Ci fu un’epoca in cui il nome Bioware era garanzia di qualità, soprattutto nell’ambito dei giochi di ruolo. I primi due Baldur’s Gate, Dragon Age e Mass Effect sono senza alcun dubbio i videogiochi più famosi realizzati dalla software house canadese, ma ne possiamo ricordare molti altri, come Neverwinter Nights, Star Wars: Knight of the Old Repubblic e Jade Empire. Tra la fine degli anni ’90 e tutti gli anni 2000, qualsiasi gioco uscisse dalle mani di questi grandi artigiani del videogioco era, se andava male, un ottimo gioco, il più delle volte invece un capolavoro.
L’acquisizione dello studio da parte di Electronic Arts nel 2007 iniziò a cambiare le cose e, seppur i primi anni sembrasse andare tutto bene, ben presto qualcosa iniziò a scricchiolare, già dall’uscita di Dragon Age 2, titolo fatto in soli 18 mesi e che, nonostante non fosse brutto, non era certo al livello degli standard qualitativi dei precedenti titoli di Bioware. Dopo l’acquisizione, in pochi anni tutti i fondatori della software house abbandonarono la nave e arrivarono altri insuccessi: il poco ispirato Mass Effect Andromeda e Anthem, uno sparatutto fantascientifico del 2019 che oggi ricordiamo per essere stato uno dei primi live service a venire chiuso prematuramente.

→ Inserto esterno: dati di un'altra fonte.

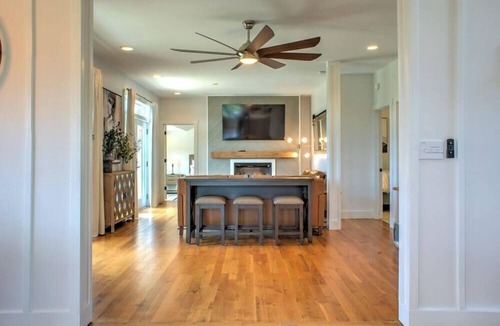 Clyde House | Clyde 5BR Retreat | Indoor Spa + Views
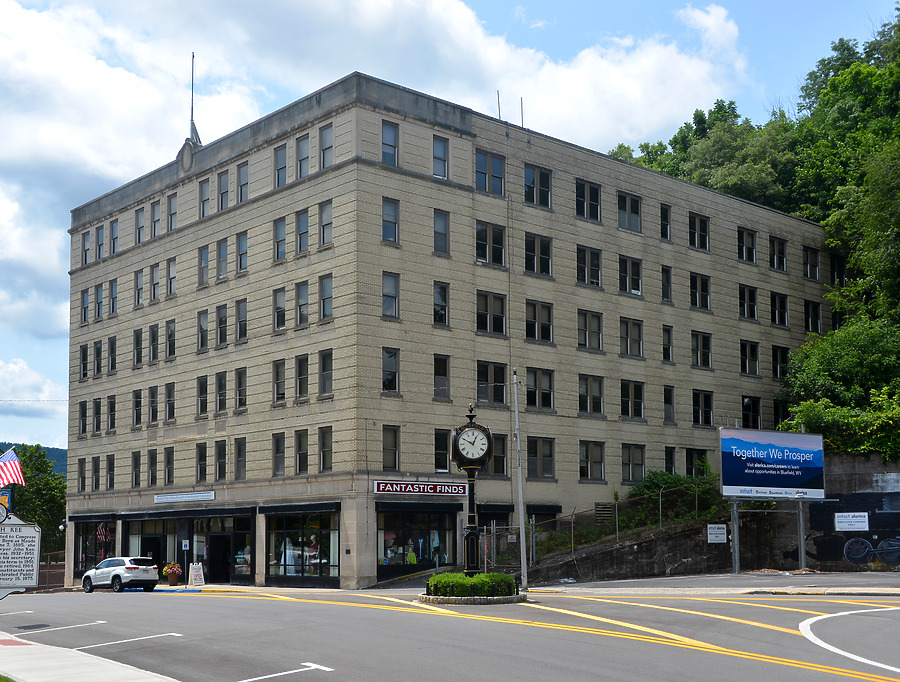 Bailey Building by John W. Cahill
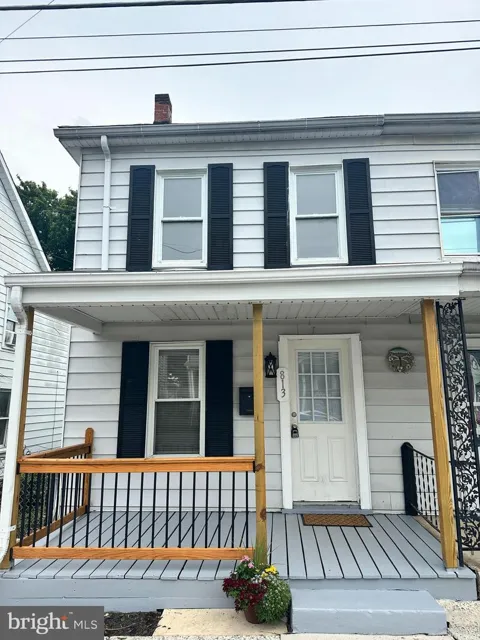 813 DALE STREET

L’arrivo di Dragon Age: The Veilguard per molti era il banco di prova per capire se Bioware fosse ancora in grado di realizzare dei grandi rpg. La sua uscita ha però reso evidente come la compagnia del passato sia ormai morta e sepolta e quella di oggi sia solo un guscio vuoto con lo stesso nome. Il quarto capitolo di Dragon Age, infatti, sbaglia tutto quello che poteva sbagliare.
Una storia da dimenticare
La sola pronuncia del nome Bioware evoca ricordi indelebili per tanti videogiocatori, grazie alla maestria dello studio nel raccontare storie memorabili. Dragon Age Origins, il primo capitolo della saga uscito nel 2009, stupì per la sua enorme profondità, che comprendeva anche un prologo unico per ciascuna razza scelta dal giocatore. Inoltre, i personaggi reagivano diversamente in base alle origini del protagonista, arricchendo ulteriormente l’esperienza. A tutto ciò si aggiungevano molteplici esiti narrativi, modellati dalle scelte compiute, che rendevano ogni avventura unica e profondamente personale.
Questa incredibile varietà e attenzione al dettaglio non si ripeté nemmeno con il secondo capitolo e con il terzo, Dragon Age: Inquisition; questi, nonostante si potessero considerare comunque dei buoni giochi, non riuscirono mai a eguagliare la profondità del primo capitolo. The Veilguard, ora, non soltanto non si avvicina nemmeno al primo capitolo, per quanto riguarda la narrativa, ma è molto sottostante anche ai due titoli successivi.